A statement from the college said it was reviewing the journalism program and may recommend to pause the fall 2026 semester intake “due to low student demand,” but says no final decisions have been made.

Link said it’s no secret enrolment was down, with the school getting about half the number of students it used to.

But the curriculum had been updated to add a communications side to the training and the school had been working to move the one-year certificate to an online course before it was ended.

“So there’s been a lot of changes made. There was a lot of energy, a lot of effort put into trying to reshape the program,” he said.

Globe and Mail columnist Gary Mason, a 1982 Langara journalism graduate, remembered it as a highly competitive program with only 20 spots for more than 200 applicants.

“They were just turning out people, year after year after year, that filled newsrooms all throughout the province, in Western Canada and further points east,” he said.

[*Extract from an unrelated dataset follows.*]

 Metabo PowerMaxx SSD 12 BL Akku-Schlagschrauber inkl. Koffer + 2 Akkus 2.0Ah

“It’s like losing this kind of lion, you know? That roared for so many years, and now it’s kind of lost its voice, and it’s very, very sad.”

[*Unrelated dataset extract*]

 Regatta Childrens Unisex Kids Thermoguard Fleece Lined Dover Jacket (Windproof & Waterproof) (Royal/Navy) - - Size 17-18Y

Mason, who has worked for decades in Canadian media, said the Langara program offered more hands-on experience than four-year university degrees.

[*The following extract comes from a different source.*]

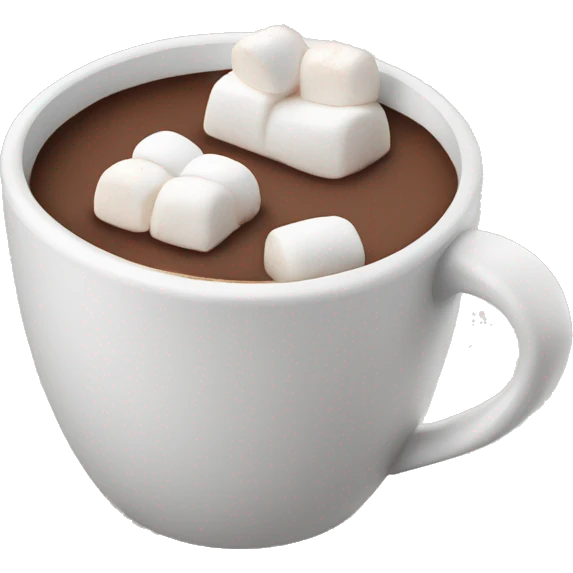 hot chocolate with marshmallows emoji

“An editor wouldn’t have had to do much work on a basic story written by a Langara grad who was fresh out of journalism school, and I think that that was the attraction at the time to the (Vancouver) Sun or the Province (newspapers),” he said.

Decades later, he said he still looks back on his time at Langara fondly.

“It was such an important part of my life. It was only two years, but it really set the direction and put me on a trajectory that I’m on today.”

Archie McLean, an associate journalism professor at Mount Royal University and chair of J-Schools Canada, a national organization that represents journalism schools, said Langara’s situation is not unique.

“Just off the top of my head, in the last five or so years, I could think of five, or 10 probably, programs that have either suspended registration or closed their programs entirely,” he said.

That includes programs in Calgary, Regina and Ontario, he said.

There are fewer journalism jobs and those that do exist are often more precarious and demanding, he said.

“The business itself, the industry itself, is not super healthy right now, and so that has a trickle-down effect into post-secondary institutions,” he said.

Shtohryn said ending the program means limiting choices for those who want to go into journalism.

She said she was hopeful of a job in journalism, because she’s passionate about the work, but she worries about the industry.

“For new journalists, I feel like you just have to get ready for that instability ahead of us,” she said.

McLean said the Langara journalism program made a big difference in the media scene in British Columbia and losing it is sad even if it is part of a larger trend.

“It doesn’t make it any less hard for students and graduates and instructors of the program who really had a deep attachment to it. So each one of these program closures is really sad,” he said.

“Some of them may come back, but it does feel like a lot of them won’t be around anymore, and that’s definitely sad for those of us who care about journalism and care about journalism education.”

Mason said he would still encourage prospective journalism students to give it try if they are passionate.

“it’s probably more important today than it ever has been so I would say to somebody, if you really believe that, if you have this burning passion to, you know, be a truth seeker, then absolutely go into it.”